Let \(t=\ln(1+\delta)\ge0\), we have:

\[ \Pr[X\gt(1+\delta)\mu]\lt(\frac{e^\delta}{(1+\delta)^{1+\delta}})^\mu\\ \]

\[ \Rightarrow\ln[(\frac{e^\delta}{(1+\delta)^{1+\delta}})^\mu]=\mu(\delta-(1+\delta)\ln(1+\delta))\\ \]

\[ \because\forall x\ge0,\ln(1+x)\ge\frac{x}{1+\frac{x}{2}}\\ \]

\[ \therefore\mu(\delta-(1+\delta)\ln(1+\delta))\le-\frac{\delta^2}{2+\delta}\mu\\ \]

\[ \lt-\frac{\mu\delta^2}{3}(\because0\lt\delta\lt1)\\ \]

\[ \Pr[X\gt(1+\delta)\mu]\lt e^{-\frac{\delta^2\mu}{3}}(0\lt\delta\lt1) \]

Analogously, we have

\[ \forall t\gt0:\Pr(x\lt a)=\Pr(e^{-tX}\gt e^{-ta})\lt\frac{\mathbb E[e^{-tX}]}{e^{-ta}}\\ \]

\[ \Rightarrow\cdots\Rightarrow\cdots\\ \]

\[ \Rightarrow\Pr[X\lt(1-\delta)\mu]\lt(\frac{e^{e^{-t}-1}}{e^{-t(1-\delta)}})^\mu(**)\\ \]

Let \(t=-\ln(1-\delta)\gt0\),

\[ (**)=(\frac{e^{-\delta}}{(1-\delta)^{1-\delta}})^\mu(*)\\ \]

\[ \because \forall0\lt\delta\lt1,(1-\delta)\ln(1-\delta)\gt-\delta+\frac{\delta^2}{2}\\ \]

\[ \therefore(*)\le(\frac{e^{-\delta}}{e^{-\delta+\frac{\delta^2}{2}}})^\mu=e^{-\frac{\delta^2\mu}{2}}\\ \]

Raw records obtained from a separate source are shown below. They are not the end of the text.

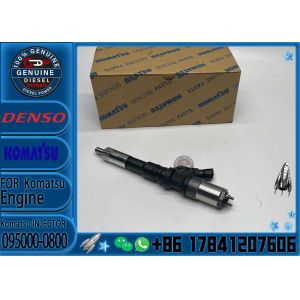 Diesel Fuel Engine Injection Injector Nozzle Common Rail Injector 095000-0800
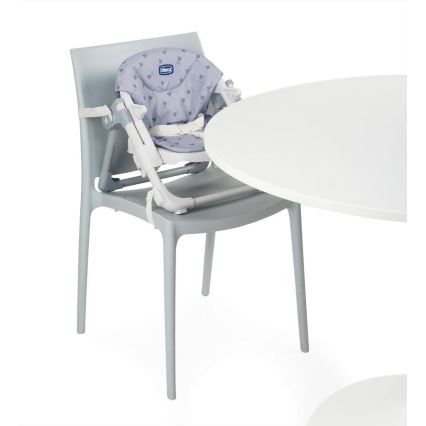 Chicco - Детский портативный стульчик для кормления CHAIRY синий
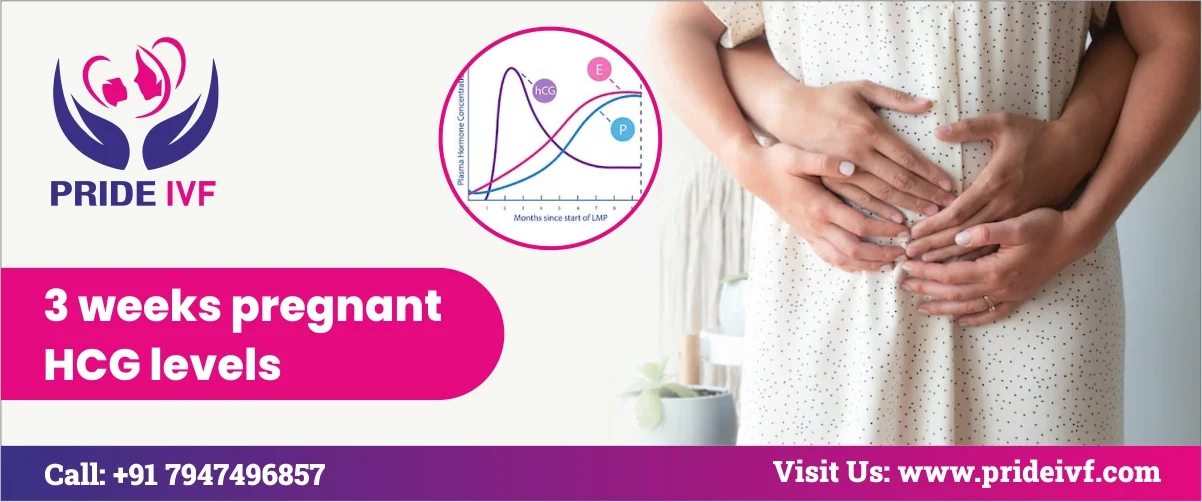 You are currently viewing 3 Weeks Pregnant HCG levels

\[ \Rightarrow\Pr[X\lt(1-\delta)\mu]\lt e^{-\frac{\delta^2\mu}{2}} \]

Union Bound

Let \(\{E_i\}\) be events, then

\[ \Pr[\bigcup_iE_i]\le\sum_i\Pr[E_i] \]

If we define \(E_i\) as event that \(|List(A[i])|\gt4\frac{\ln n}{\ln\ln n}\), then by Chernoff Bound,

\[ \Pr[E_i]\lt((e/4)\ln\ln n/\ln n)^{4\ln n/\ln\ln n}\lt(\ln\ln n/\ln n)^{4\ln n/\ln\ln n} \]

(\(n\gt3\gt e\) is needed!)

~~CRAZY MATH!!!~~

\[ \because \ln\ln n\le\sqrt{\ln n}\\ \]

\[ \therefore(\frac{\ln\ln n}{\ln n})^{\frac{4\ln n}{\ln\ln n}}\le(\frac{\sqrt{\ln n}}{\ln n})^{\frac{4\ln n}{\ln\ln n}}=(\ln n)^{-\frac{2\ln n}{\ln\ln n}}\\ \]

\[ =(e^{\ln\ln n})^{-2\frac{\ln n}{\ln\ln n}}=e^{-2\frac{\ln n}{\ln\ln n}\cdot\ln\ln n}=n^{-2} \]

By union bound, we have

\[ \Pr[\bigcup_iE_i]\le\sum_in^{-2}=n^{-1} \]

This means with probability \(1-\frac{1}{n}\), there is not even a single list \(List(A[i])\) with size more than \(4\frac{\ln n}{\ln\ln n}\), assuming \((n\ge3)\).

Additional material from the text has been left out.